> _REQUIRED WORK_
Among the lines below, restate word for word only those from the line with "Revista Hogar celebró" through the line with "30704 Acappella Property Photo 6", with both end lines kept.

[[ DATA PROVIDED open ]]

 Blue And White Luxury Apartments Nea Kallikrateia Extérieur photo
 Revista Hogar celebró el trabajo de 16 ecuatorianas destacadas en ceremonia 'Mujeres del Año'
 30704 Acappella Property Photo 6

[[ DATA PROVIDED closed ]]
[[ DATA PROVIDED open ]]

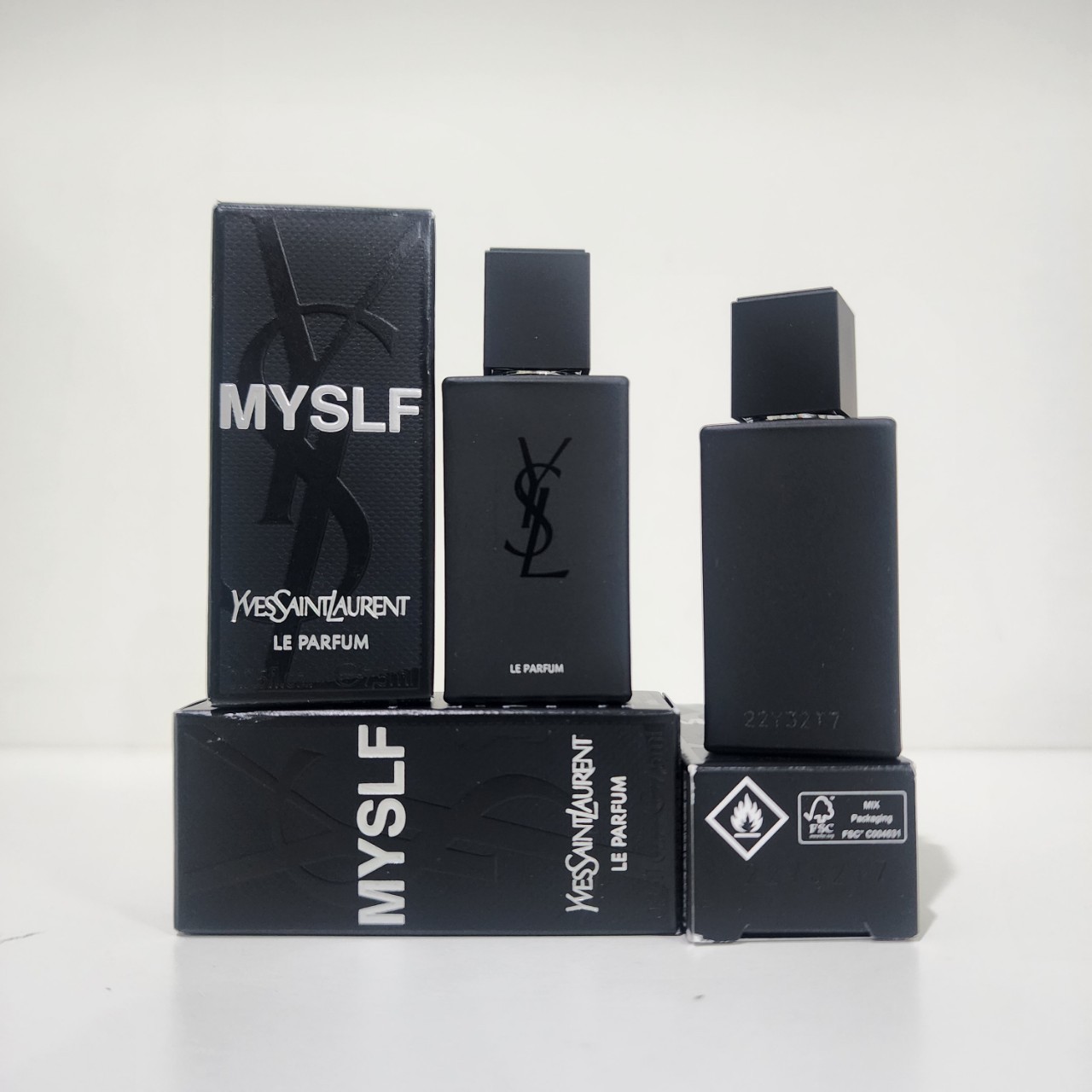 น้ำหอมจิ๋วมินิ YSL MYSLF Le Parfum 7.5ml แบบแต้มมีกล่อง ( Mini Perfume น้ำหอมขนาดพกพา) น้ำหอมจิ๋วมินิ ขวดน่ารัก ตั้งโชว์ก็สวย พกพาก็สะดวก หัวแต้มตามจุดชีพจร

[[ DATA PROVIDED closed ]]

> _RESPONSE TO THE EXERCISE_
 Revista Hogar celebró el trabajo de 16 ecuatorianas destacadas en ceremonia 'Mujeres del Año'
 30704 Acappella Property Photo 6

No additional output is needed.